__To do__. A faithful, picture-free copy of the listing below is required.
------ Exercise data
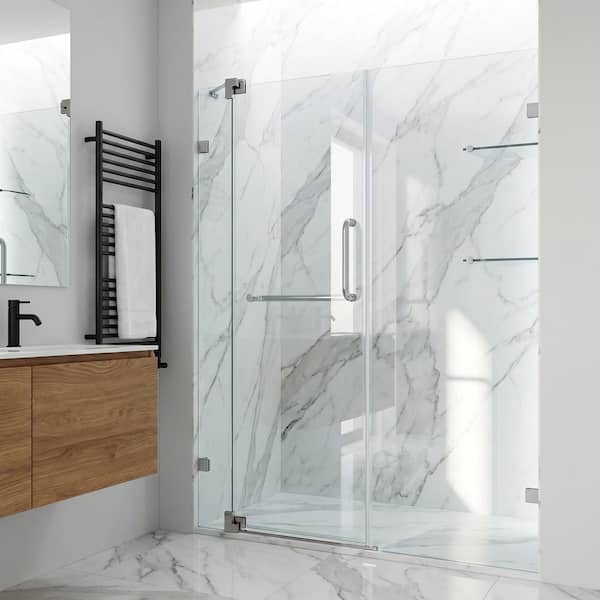 VIGO Pirouette 42 to 48 in. W x 72 in. H Pivot Frameless Shower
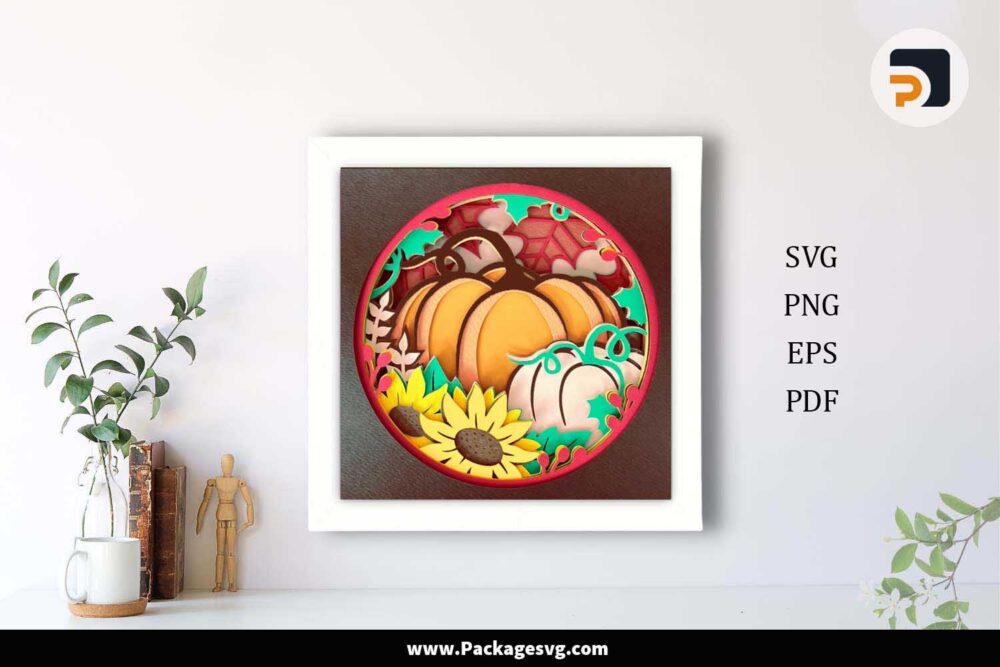 Pumpkins Shadow Box SVG, Fall Paper Cut File LJP2KEKL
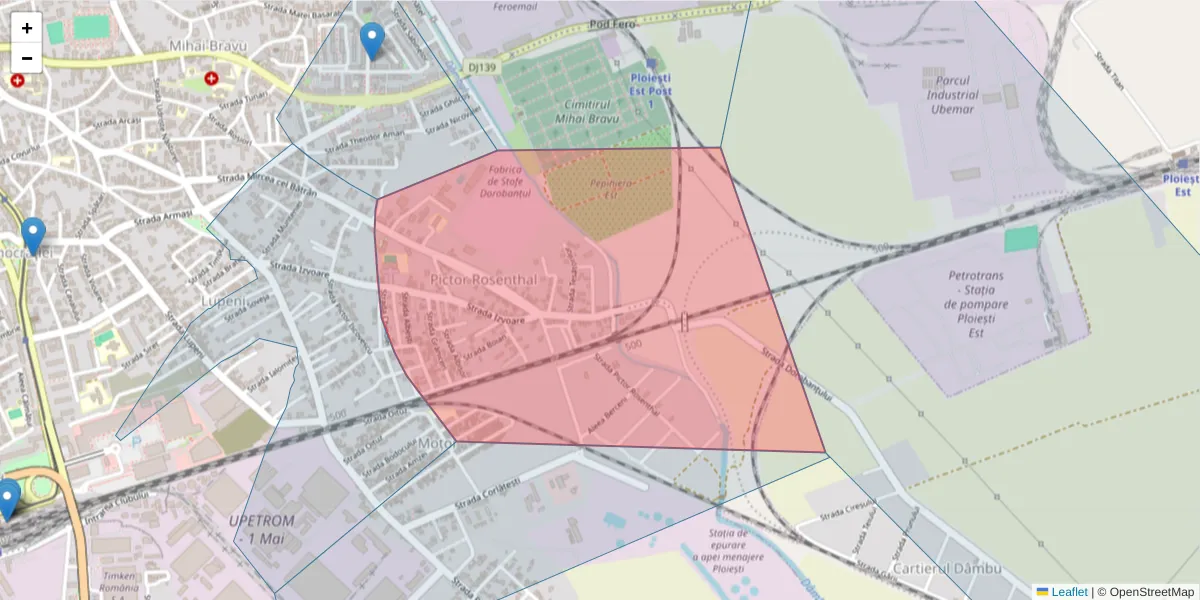 Hartă a codului poștal  și a codurilor poștale învecinate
------------
__Your response__.
 VIGO Pirouette 42 to 48 in. W x 72 in. H Pivot Frameless Shower
 Pumpkins Shadow Box SVG, Fall Paper Cut File LJP2KEKL
 Hartă a codului poștal  și a codurilor poștale învecinate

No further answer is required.